Children/Grandchildren
We've had a lots of dogs and cats over the years, but no children or grandchildren.
My Story
Left Yorktown and went to Case Western Reserve University where I wound up majoring in Math and playing soccer. I transferred from there to Penn State University after two years and retired from soccer after seeing All-American Chris Bahr nearly kill a goalkeeper with a shot. I graduated from PSU with a BS in Math in 1975, stayed for an MA in Math in 1978, then taught for two years in community colleges in Hazleton, PA and Erie, PA before going back to grad school at Penn State to work on a PhD in Astronomy, where I landed a Graduate Student Fellowship at NASA's Goddard Space Flight Center.
I got distracted by the lure of a salary and left the PhD program after passing my comprehensive exams but before finishing my dissertation, and left to teach for a year at Orange County Community College in Middletown, NY. At the end of that year, I was fortunate to get hired by a NASA contractor to help construct a digital archive of photographs of Halley's Comet during its apparition in 1985-86.
I stuck around Goddard for about 10 years, then left to start my own consulting business, A/WWW Enterprises in 1994, to take advantage of the suddenly-growing Internet technology for the distribution of scientific data.
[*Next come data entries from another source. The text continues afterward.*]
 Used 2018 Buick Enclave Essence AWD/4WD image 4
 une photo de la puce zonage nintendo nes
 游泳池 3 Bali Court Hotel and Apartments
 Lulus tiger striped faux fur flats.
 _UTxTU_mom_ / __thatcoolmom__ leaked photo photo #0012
Over the next 20 years, I was fortunate to work with a variety of clients including the U. S. Federal Geographic Data Clearinghouse, the World Bank and the Space Telescope Science Institute and, of course, a number of NASA projects.
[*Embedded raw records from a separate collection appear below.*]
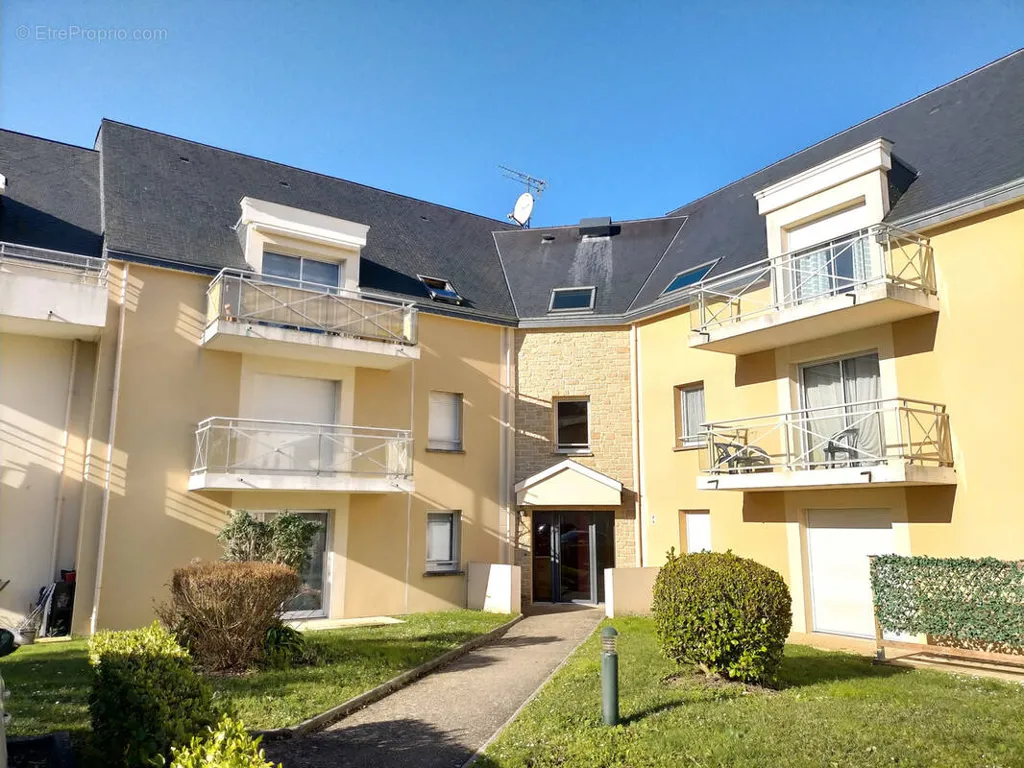 Välivaade - 4-Bed Apartment with Terrace in Beaussais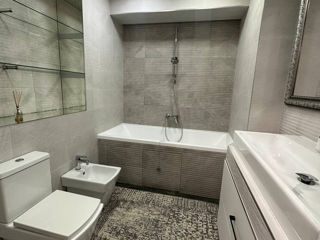 Apartament cu 2 camere, 72 m², Botanica, Chișinău foto 8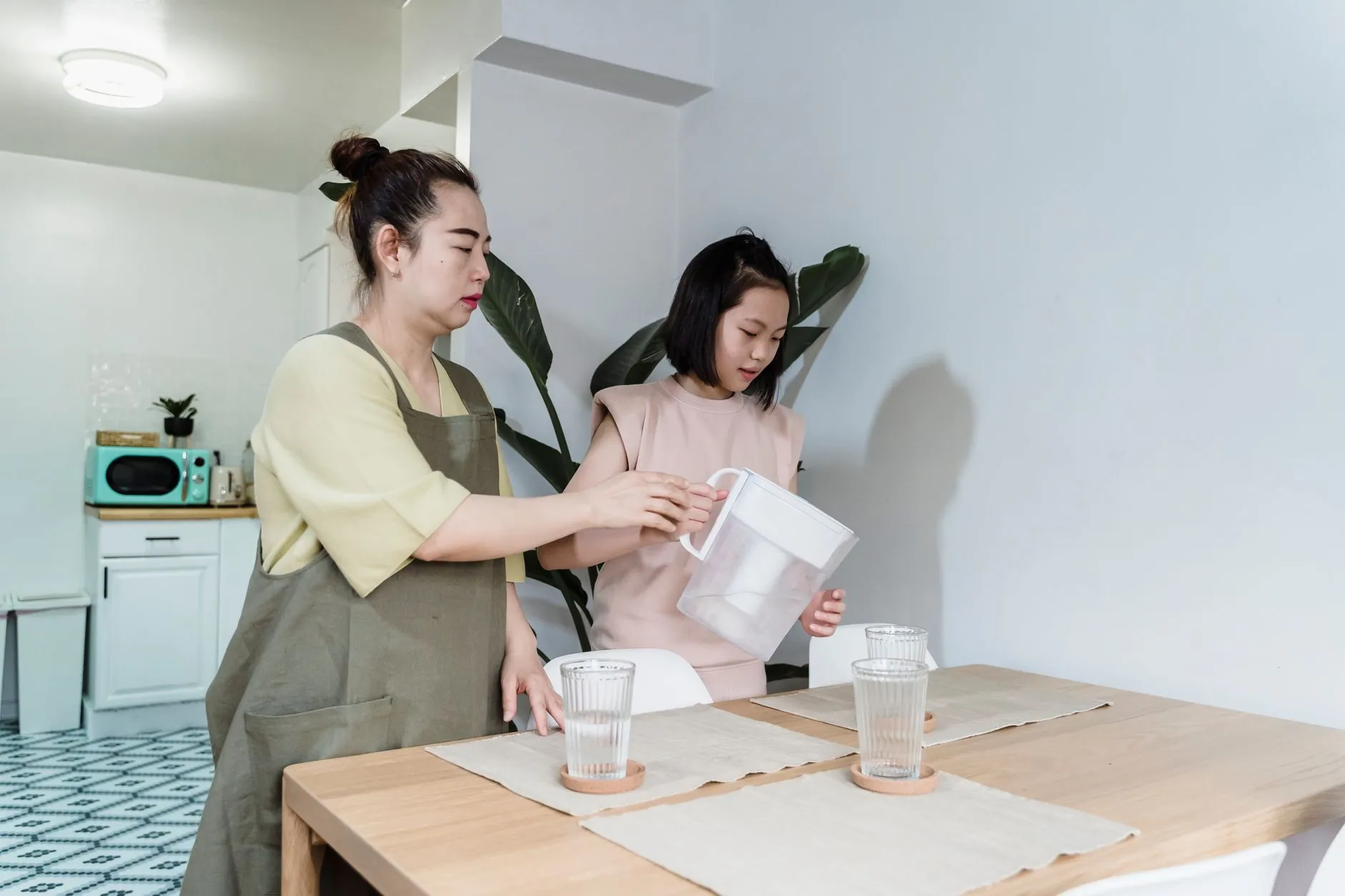 北京旸泰商贸收纳箱批发：三大品类规格与承重参数解析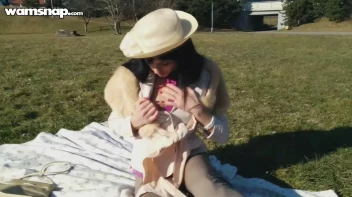 Fur Freak Makes A Mess Of Herself In Public Screencap 22 on sinx.preview.netperv.com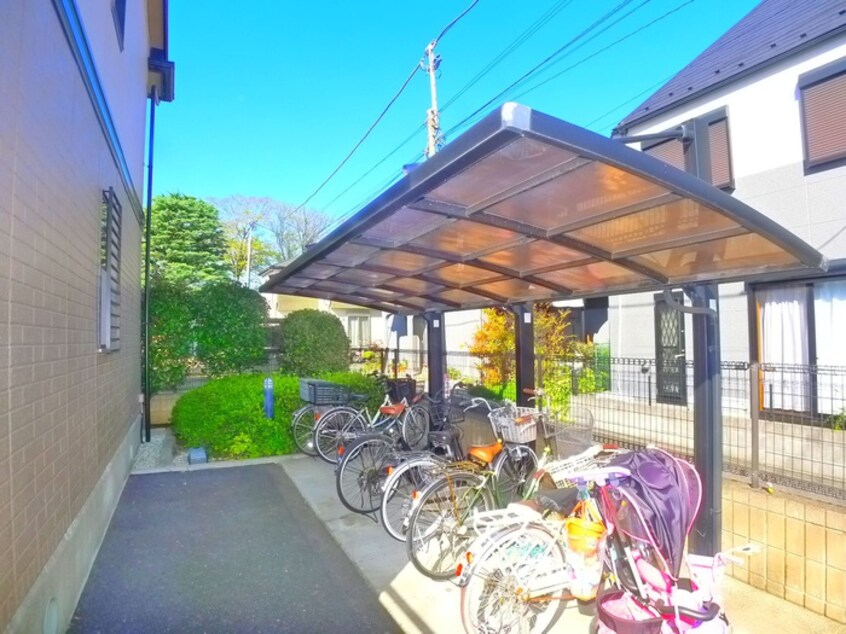 駐輪場 ファーストコート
In 2015, I went back to work as a wage slave for another NASA contractor, working on the Science Investigator Processing System for the NASA Ozone Monitoring Instrument (OMI) on the Aura satellite. I'm still at it today.
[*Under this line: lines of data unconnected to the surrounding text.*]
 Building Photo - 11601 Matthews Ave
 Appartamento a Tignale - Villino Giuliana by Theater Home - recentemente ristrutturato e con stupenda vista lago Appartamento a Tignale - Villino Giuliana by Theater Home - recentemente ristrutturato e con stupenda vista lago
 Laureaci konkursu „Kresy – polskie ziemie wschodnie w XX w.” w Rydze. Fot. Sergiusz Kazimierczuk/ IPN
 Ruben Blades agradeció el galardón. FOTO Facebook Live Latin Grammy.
Over the years, I've played a ton of bluegrass and honky-tonk country music in the bars and saloons around Washington and Baltimore and recorded some CDs. I volunteered with the International Bluegrass Music Association to help to organize their Leadership Bluegrass training program for bluegrass industry professionals. Over the past 20+ years, I also served as a Board member for the Brandywine Friends of Old Time Music helping to produce their Delaware Valley Bluegrass Festival and working as the stage manager and backstage coordinator for that annual festival.